**To do**: Below are the records; give again exactly the line with "VW Polo 1,6 TDI Comfortline", the line with "TL615 Navy/Navy Front", and each line that lies between them, and nothing besides.

Brief descriptive captions
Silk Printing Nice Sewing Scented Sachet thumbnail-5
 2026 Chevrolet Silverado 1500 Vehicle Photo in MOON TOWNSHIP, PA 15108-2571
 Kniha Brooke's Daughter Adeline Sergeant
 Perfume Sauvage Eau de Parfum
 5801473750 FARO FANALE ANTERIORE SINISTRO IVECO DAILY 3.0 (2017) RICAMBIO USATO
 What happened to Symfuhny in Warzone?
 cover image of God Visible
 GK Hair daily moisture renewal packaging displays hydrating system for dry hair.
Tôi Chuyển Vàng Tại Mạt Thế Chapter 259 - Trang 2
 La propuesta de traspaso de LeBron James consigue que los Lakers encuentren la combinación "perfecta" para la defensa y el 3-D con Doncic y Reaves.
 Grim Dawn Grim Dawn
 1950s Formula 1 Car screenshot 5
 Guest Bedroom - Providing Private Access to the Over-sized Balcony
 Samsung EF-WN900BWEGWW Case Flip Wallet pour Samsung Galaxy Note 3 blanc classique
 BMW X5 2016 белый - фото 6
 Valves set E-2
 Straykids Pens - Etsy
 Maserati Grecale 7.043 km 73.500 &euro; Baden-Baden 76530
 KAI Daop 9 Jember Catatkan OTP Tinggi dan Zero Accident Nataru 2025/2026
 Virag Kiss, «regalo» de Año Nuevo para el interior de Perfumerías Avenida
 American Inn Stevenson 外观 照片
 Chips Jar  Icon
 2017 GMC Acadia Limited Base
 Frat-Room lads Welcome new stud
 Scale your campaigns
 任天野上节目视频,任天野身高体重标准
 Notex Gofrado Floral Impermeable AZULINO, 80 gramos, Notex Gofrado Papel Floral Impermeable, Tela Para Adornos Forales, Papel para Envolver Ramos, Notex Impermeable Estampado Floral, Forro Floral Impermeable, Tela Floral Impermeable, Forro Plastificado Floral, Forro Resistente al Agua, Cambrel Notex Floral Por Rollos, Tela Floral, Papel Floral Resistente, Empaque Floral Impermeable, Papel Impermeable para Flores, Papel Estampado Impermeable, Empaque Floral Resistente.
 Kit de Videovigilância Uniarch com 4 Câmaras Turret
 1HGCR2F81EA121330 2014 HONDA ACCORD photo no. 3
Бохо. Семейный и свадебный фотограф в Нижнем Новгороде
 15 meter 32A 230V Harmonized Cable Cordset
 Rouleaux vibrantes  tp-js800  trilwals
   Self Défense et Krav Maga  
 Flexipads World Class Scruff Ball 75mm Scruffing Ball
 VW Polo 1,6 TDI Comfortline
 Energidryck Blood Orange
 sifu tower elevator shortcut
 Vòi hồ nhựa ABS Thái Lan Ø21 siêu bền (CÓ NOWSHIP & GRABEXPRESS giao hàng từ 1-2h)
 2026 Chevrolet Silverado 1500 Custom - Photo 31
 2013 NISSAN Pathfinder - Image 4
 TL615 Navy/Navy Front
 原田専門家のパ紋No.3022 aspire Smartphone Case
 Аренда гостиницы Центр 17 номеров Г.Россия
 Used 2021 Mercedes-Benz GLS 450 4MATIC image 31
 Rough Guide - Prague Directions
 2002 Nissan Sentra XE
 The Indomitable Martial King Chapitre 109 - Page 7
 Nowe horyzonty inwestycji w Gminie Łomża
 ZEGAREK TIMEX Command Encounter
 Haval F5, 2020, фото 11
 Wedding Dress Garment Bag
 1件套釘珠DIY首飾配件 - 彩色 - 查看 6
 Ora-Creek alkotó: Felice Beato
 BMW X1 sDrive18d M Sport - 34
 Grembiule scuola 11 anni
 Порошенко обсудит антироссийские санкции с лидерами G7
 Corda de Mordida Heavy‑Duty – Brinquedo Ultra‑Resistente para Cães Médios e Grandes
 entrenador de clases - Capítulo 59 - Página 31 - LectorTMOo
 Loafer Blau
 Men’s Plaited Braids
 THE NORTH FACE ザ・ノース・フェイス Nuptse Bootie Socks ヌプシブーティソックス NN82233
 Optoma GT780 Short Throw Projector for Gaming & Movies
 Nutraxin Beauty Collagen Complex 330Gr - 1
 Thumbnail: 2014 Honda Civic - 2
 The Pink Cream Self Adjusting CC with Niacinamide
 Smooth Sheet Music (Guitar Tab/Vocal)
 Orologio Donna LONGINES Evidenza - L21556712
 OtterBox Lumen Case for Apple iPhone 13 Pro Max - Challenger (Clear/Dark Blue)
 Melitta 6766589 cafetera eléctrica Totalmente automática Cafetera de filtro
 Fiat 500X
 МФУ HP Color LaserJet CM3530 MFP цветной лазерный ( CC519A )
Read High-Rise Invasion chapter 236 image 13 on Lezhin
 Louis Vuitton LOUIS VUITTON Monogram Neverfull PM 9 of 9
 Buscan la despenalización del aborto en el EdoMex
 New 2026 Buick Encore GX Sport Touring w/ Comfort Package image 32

**Task solution**:
 VW Polo 1,6 TDI Comfortline
 Energidryck Blood Orange
 sifu tower elevator shortcut
 Vòi hồ nhựa ABS Thái Lan Ø21 siêu bền (CÓ NOWSHIP & GRABEXPRESS giao hàng từ 1-2h)
 2026 Chevrolet Silverado 1500 Custom - Photo 31
 2013 NISSAN Pathfinder - Image 4
 TL615 Navy/Navy Front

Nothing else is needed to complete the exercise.